ETFs get different rules. Shares are only created in blocks, and only traded between ETF creators and their only customers, called Authorized Participants.

I’m not making this up. When Blackrock wants more ETF shares, they create them in blocks only.  From Blackrock’s IVV S&P 500 ETF prospectus: Only an Authorized Participant may engage in creation or redemption transactions directly with the Fund. The Fund has a limited number of institutions that may act as Authorized Participants on an agency basis (i.e., on behalf of other market participants).

Why can ETFs offer preference when it’s against the law for exchanges? Fair question. There is no stated answer. The unstated one is that nobody would make markets in ETFs if a handful of firms didn’t have an unassailable competitive advantage, a sure chance to make money (why ETF fees are so low).

Again from the IVV prospectus:

Prior to trading in the secondary market, shares of the Fund are “created” at NAV by market makers, large investors and institutions only in block-size Creation Units of 50,000 shares or multiples thereof.

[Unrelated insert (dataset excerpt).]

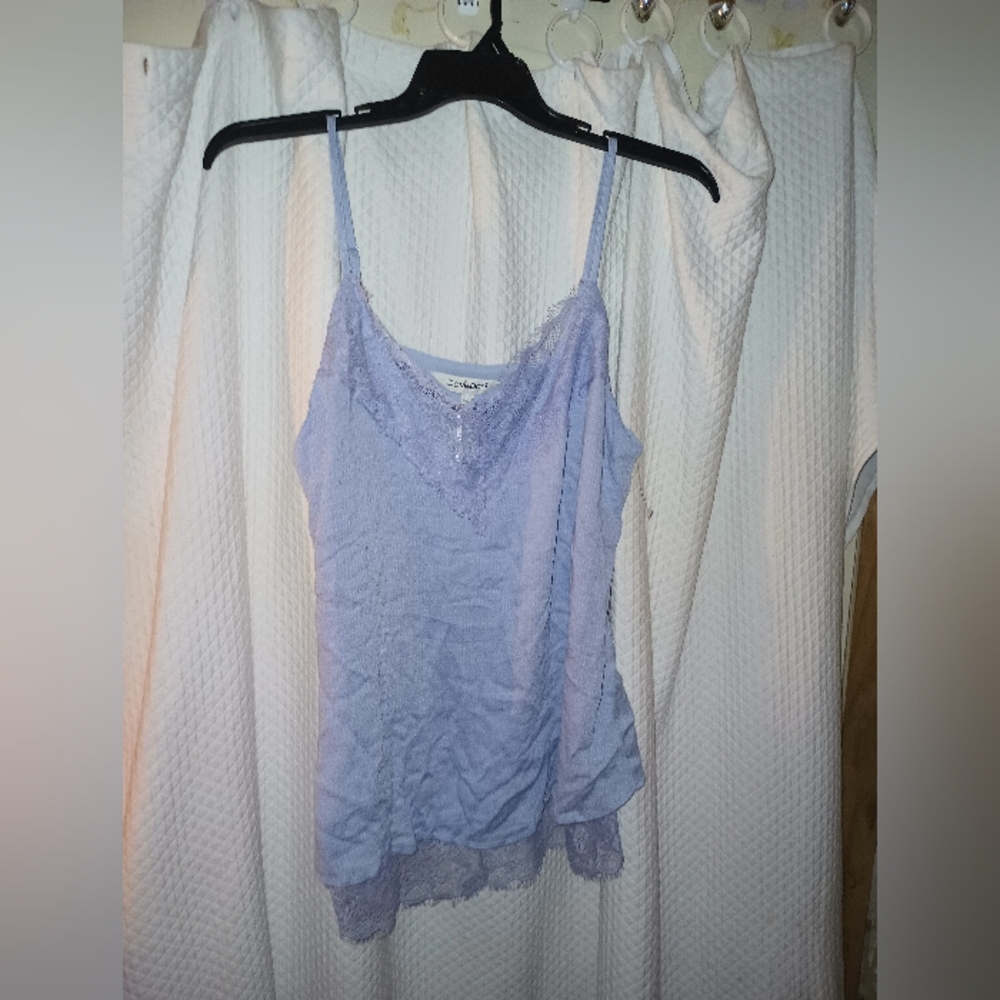 DAVI & DANI Light Blue Floral Lace Trimmed Cami Size Large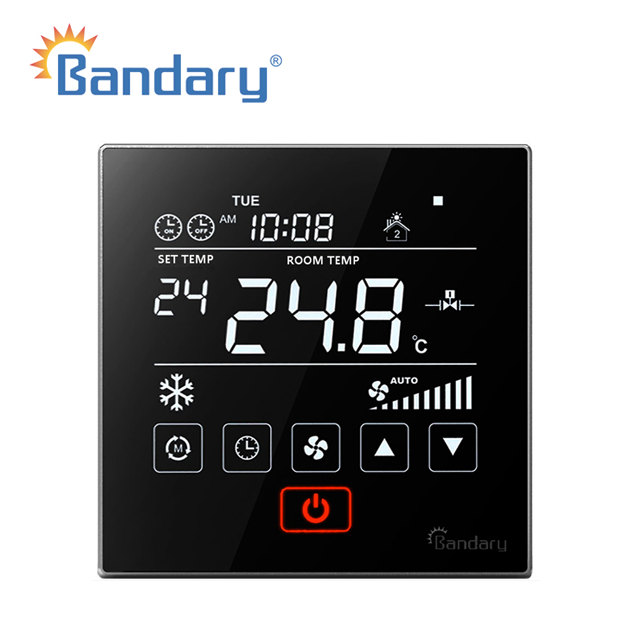 220V Bandary FC261C modbus programmable 3-speed fan coil large touch screen room thermostat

Each “creator” or authorized participant (an “Authorized Participant”) has entered into an agreement with the Fund’s distributor, BlackRock Investments, LLC (the “Distributor”), an affiliate of BFA. A creation transaction, which is subject to acceptance by the Distributor and the Fund, generally takes place when an Authorized Participant deposits into the Fund a designated portfolio of securities (including any portion of such securities for which cash may be substituted) and a specified amount of cash approximating the holdings of the Fund in exchange for a specified number of Creation Units.

And down a bit further (emphasis in all cases mine):

Only an Authorized Participant may create or redeem Creation Units with the Fund. Authorized Participants may create or redeem Creation Units for their own accounts or for customers, including, without limitation, affiliates of the Fund.

Did you catch that last bit? The creator of ETF shares – only in blocks, off the secondary market (which means not in the stock market) – may create units for itself, for its customers, or even for the Fund wanting ETF shares (here, Blackrock).

And the shares are not created at the best national bid to buy or offer to sell but at NAV – Net Asset Value.

Translating to English: ETF shares are created between two cloistered parties with no competition, off the market, in blocks, at a set price – and then sold to somebody else who will have to compete with others and can only trade at the best national price, which continually changes in the stock market, where no one gets preference and prices are incredibly unstable.

It’s a monopoly.

Two questions:  Why do regulators think this is okay? The SEC issued exemptive orders to the 1940 Investment Company Act (can the SEC override Congress?) permitting it.

We wrote about the enormous size of ETF creations and redemptions. Which leads to Question #2: Why wouldn’t this process become an end unto itself, displacing fundamental investment?